Sharpe knew that the Spaniard was trying to find excuses for the disgraceful exhibition at the ruined farmstead. That was kind of him, but Sharpe was in no mood for kindness and he could find nothing to say in reply.

“And that farmhouse is unlucky.” Vivar turned back to the mirror fragment which he had propped on the window-ledge. “It always has been. In my grandfather’s time there was a murder there. Over a woman, naturally. And in my father’s time there was a suicide.” He made the sign of the cross with the razor, then carefully shaved the angle of his jaw. “It’s haunted, Lieutenant. At night you can see ghosts there. It is a bad place. You are lucky I found you. You want to use this razor?”

“I have my own.”

Vivar dried his blade and stowed it, with the mirror, in its leather case. Then he watched pensively as Sharpe spooned up the beans and pigs’ ears that the village priest had provided as supper. “Do you think,” Vivar asked softly, “that, after your skirmish, the Dragoons followed your army?”

“I didn’t see.”

“Let us hope they did.” Vivar ladled some of the mixture onto his own plate. “Perhaps they think I’ve joined the British retreat, yes?”

“Perhaps.” Sharpe wondered why Vivar was so interested in the French Dragoons who had been led by a red-coated chasseur and a black-coated civilian. He had eagerly questioned Sharpe about every detail of the fight by the bridge, but what most interested the Spaniard was which direction the enemy horsemen had taken after the fight, to which enquiry Sharpe could only offer his supposition that the Dragoons had ridden in pursuit of Sir John Moore’s army.

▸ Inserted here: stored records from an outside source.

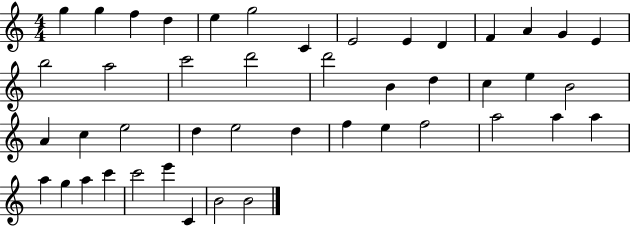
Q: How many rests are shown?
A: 0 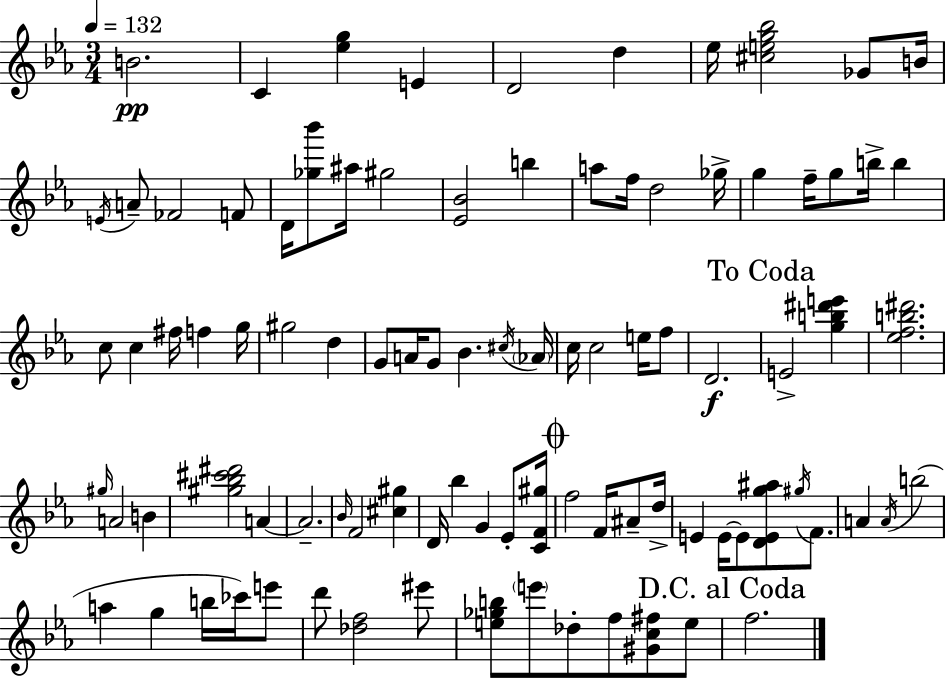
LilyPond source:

{
  \clef treble
  \numericTimeSignature
  \time 3/4
  \key ees \major
  \tempo 4 = 132
  b'2.\pp | c'4 <ees'' g''>4 e'4 | d'2 d''4 | ees''16 <cis'' e'' g'' bes''>2 ges'8 b'16 | \break \acciaccatura { e'16 } a'8-- fes'2 f'8 | d'16 <ges'' bes'''>8 ais''16 gis''2 | <ees' bes'>2 b''4 | a''8 f''16 d''2 | \break ges''16-> g''4 f''16-- g''8 b''16-> b''4 | c''8 c''4 fis''16 f''4 | g''16 gis''2 d''4 | g'8 a'16 g'8 bes'4. | \break \acciaccatura { cis''16 } \parenthesize aes'16 c''16 c''2 e''16 | f''8 d'2.\f | \mark "To Coda" e'2-> <g'' b'' dis''' e'''>4 | <ees'' f'' b'' dis'''>2. | \break \grace { gis''16 } a'2 b'4 | <gis'' bes'' cis''' dis'''>2 a'4~~ | a'2.-- | \grace { bes'16 } f'2 | \break <cis'' gis''>4 d'16 bes''4 g'4 | ees'8-. <c' f' gis''>16 \mark \markup { \musicglyph "scripts.coda" } f''2 | f'16 ais'8-- d''16-> e'4 e'16~~ e'8 <d' e' g'' ais''>8 | \acciaccatura { gis''16 } f'8. a'4 \acciaccatura { a'16 }( b''2 | \break a''4 g''4 | b''16 ces'''16) e'''8 d'''8 <des'' f''>2 | eis'''8 <e'' ges'' b''>8 \parenthesize e'''8 des''8-. | f''8 <gis' c'' fis''>8 e''8 \mark "D.C. al Coda" f''2. | \break \bar "|."
} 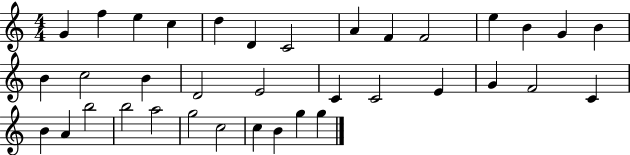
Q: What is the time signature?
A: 4/4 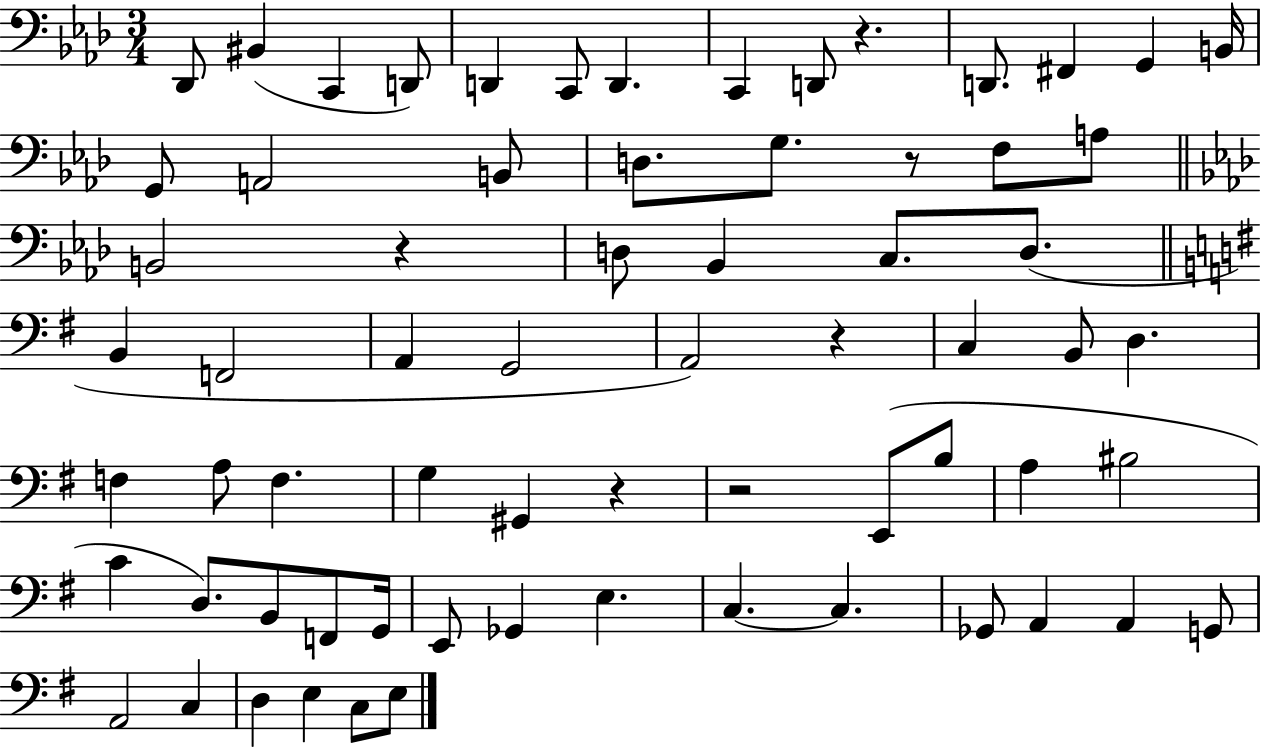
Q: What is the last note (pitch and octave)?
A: E3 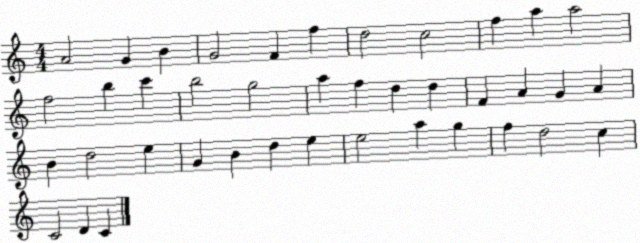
X:1
T:Untitled
M:4/4
L:1/4
K:C
A2 G B G2 F f d2 c2 f a a2 f2 b c' b2 g2 a f d d F A G A B d2 e G B d e e2 a g f d2 c C2 D C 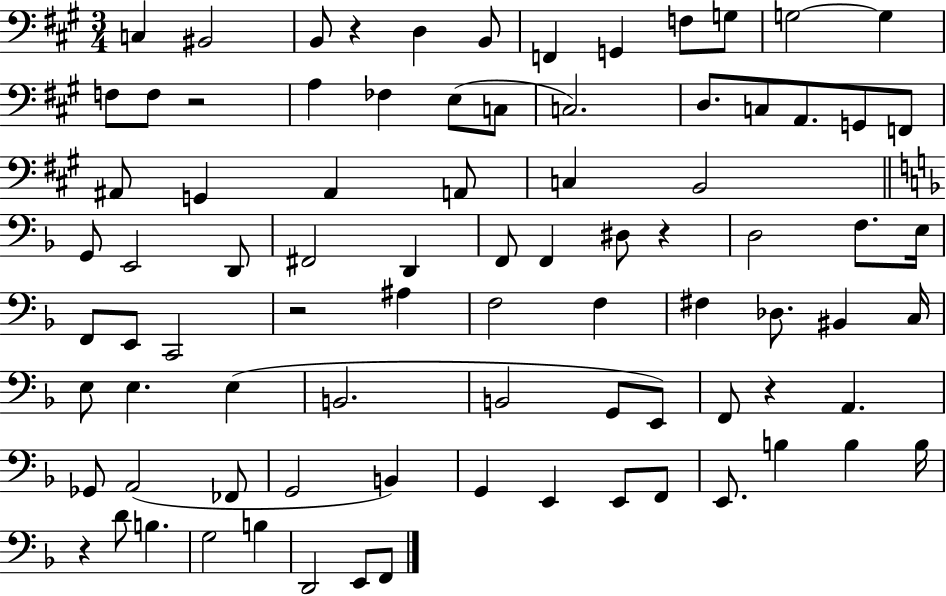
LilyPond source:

{
  \clef bass
  \numericTimeSignature
  \time 3/4
  \key a \major
  \repeat volta 2 { c4 bis,2 | b,8 r4 d4 b,8 | f,4 g,4 f8 g8 | g2~~ g4 | \break f8 f8 r2 | a4 fes4 e8( c8 | c2.) | d8. c8 a,8. g,8 f,8 | \break ais,8 g,4 ais,4 a,8 | c4 b,2 | \bar "||" \break \key d \minor g,8 e,2 d,8 | fis,2 d,4 | f,8 f,4 dis8 r4 | d2 f8. e16 | \break f,8 e,8 c,2 | r2 ais4 | f2 f4 | fis4 des8. bis,4 c16 | \break e8 e4. e4( | b,2. | b,2 g,8 e,8) | f,8 r4 a,4. | \break ges,8 a,2( fes,8 | g,2 b,4) | g,4 e,4 e,8 f,8 | e,8. b4 b4 b16 | \break r4 d'8 b4. | g2 b4 | d,2 e,8 f,8 | } \bar "|."
}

“If you’re right, Lieutenant,” Vivar raised a mug of wine in an ironic toast, “then that is the best news I’ve had in two weeks.”

“Why were they pursuing you?”

“They weren’t pursuing me,” Vivar said. “They’re pursuing anyone in uniform, anyone. They just happened to catch my scent a few days ago. I want to be sure they’re not waiting in the next valley.” Vivar explained to Sharpe that he had been travelling westwards but, forced into the highlands, he had lost all his horses and a good number of his men. He had been driven down to this small village by his desperate need for food and shelter.

That food had been willingly given. As the soldiers entered the small settlement Sharpe had noted how glad the villagers were to see Major Bias Vivar. Some of the men had even tried to kiss the Major’s hand, while the village priest, hurrying from his house, had ordered the women to heat up their ovens and uncover their winter stores. The soldiers, both Spanish and British, had been warmly welcomed. “My father,” Vivar now explained to Sharpe, “was a lord in these mountains.”